* **Provided material**:
::::::
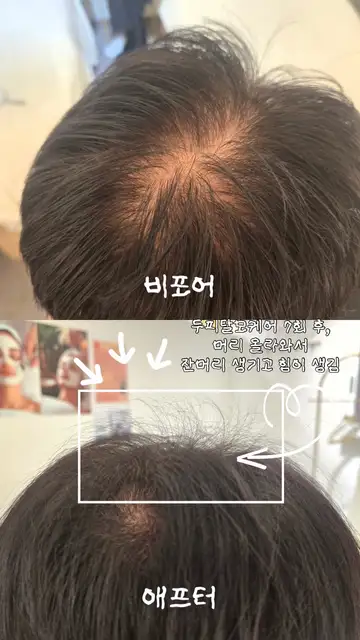 오렌지브로우 사진 5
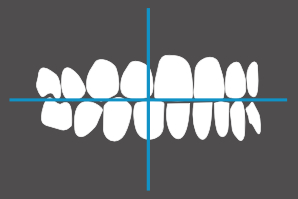 dentaleyepad overlay schräg von rechts geschlossen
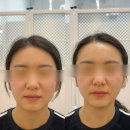 (유)초록환경 | 신용동 피부관리 | 광주 윤곽관리 추천, 유뷰티 알테온 관리 받고 온 후기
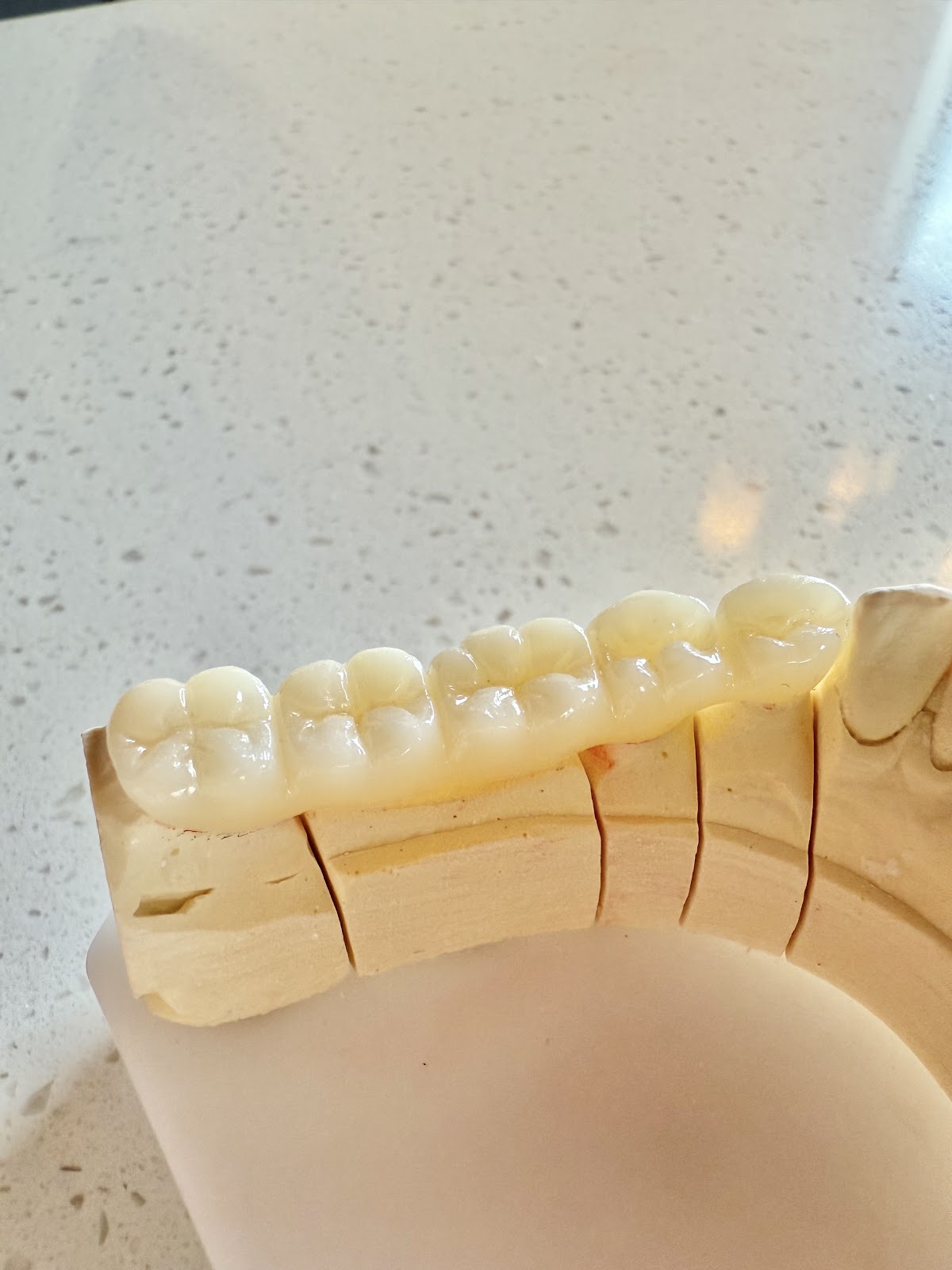 Prosthetica Digital photo 4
::::::
* **Exercise**:
Every line above is to be given again exactly, apart from the pictures.

* **Result for this task**:
 오렌지브로우 사진 5
 dentaleyepad overlay schräg von rechts geschlossen
 (유)초록환경 | 신용동 피부관리 | 광주 윤곽관리 추천, 유뷰티 알테온 관리 받고 온 후기
 Prosthetica Digital photo 4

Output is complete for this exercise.